The Rebellion of Arbanon (Kryengritja e Arbërit) in 1257–1259 was a revolt of the Principality of Arbanon (in modern central Albania) against the Empire of Nicaea and in favour of the rival Despotate of Epirus.

==History==
Arbanon had long been an autonomous principality within Epirus, and the Nicaean conquest around 1255 was resented. The rebellion was a reaction to the imposition of Nicaean rule in the person of governor Constantine Chabaron. The rebels were active in Durrës, Ohrid, Debar and Mat. The Nicaean forces were under the command of George Akropolites, who described the events himself in his history.

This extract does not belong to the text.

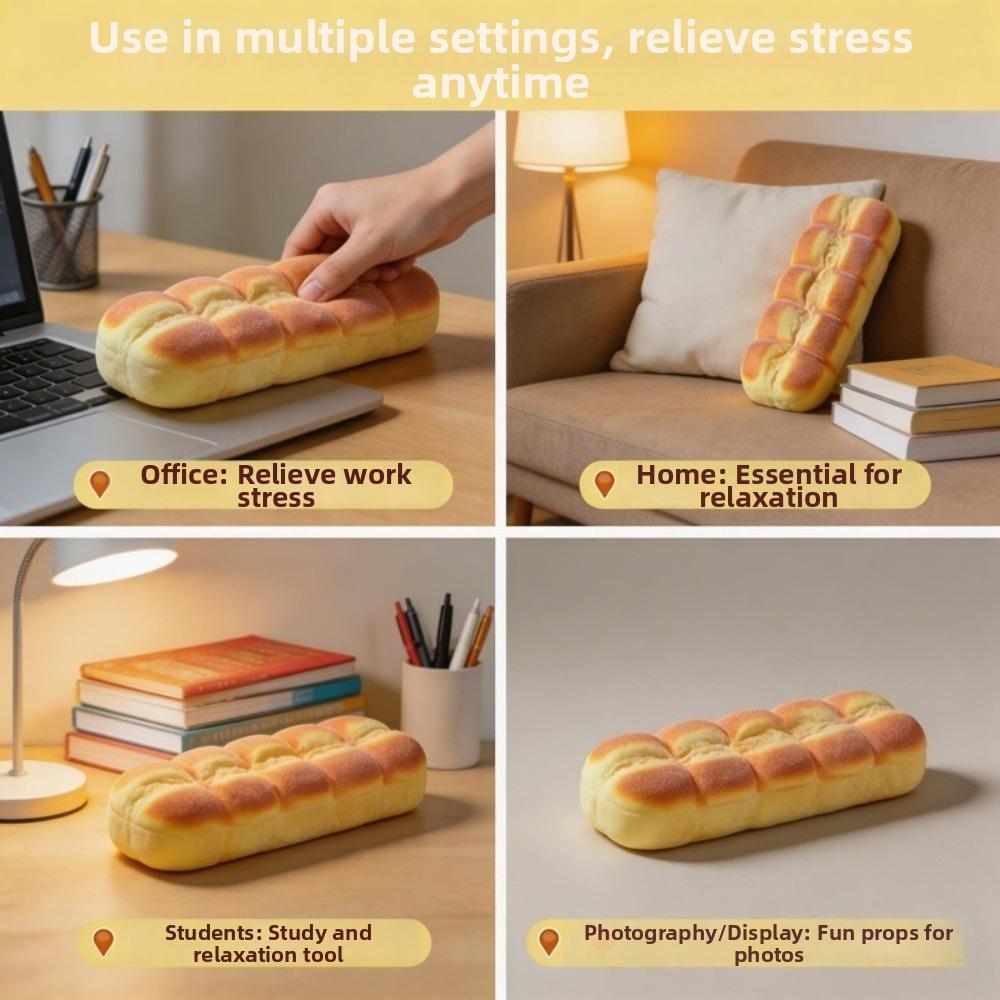 PU Material Squeez Fidget Toy Stretch Squeezing Bread Squeeze Toy New Desktop Prank Toy  For ASMR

In the autumn of 1257, Akropolites left Thessaloniki and by way of Kastoria entered Kounavia, Mat and Debar in an effort to convince the local chieftains to abandon the Despot of Epirus, Michael II, and submit to imperial rule. Yet, in February 1258 the Nicaean garrisons were annihilated. Taking advantage of the situation, Michael II started his campaign against the Nicaeans and captured Chabaron in Kanina. The Albanians drove back the imperial troops sent as reinforcements and Akropolites set fresh troops in the move, opening his way to Ohrid and Prespa, but without having a chance to engage the rebels in the inner regions. He was forced to return to Prilep and fell captive to Michael II. The revolt was suppressed after troops from Asia Minor were sent in the spring of 1259, headed by John Komnenos. The most decisive battle was fought in the city of Devol. After suffering heavy losses, the Byzantines were finally able to control the situation, but in the years 1260–1270 the Albanian rulers revolted again in the region of Durrës.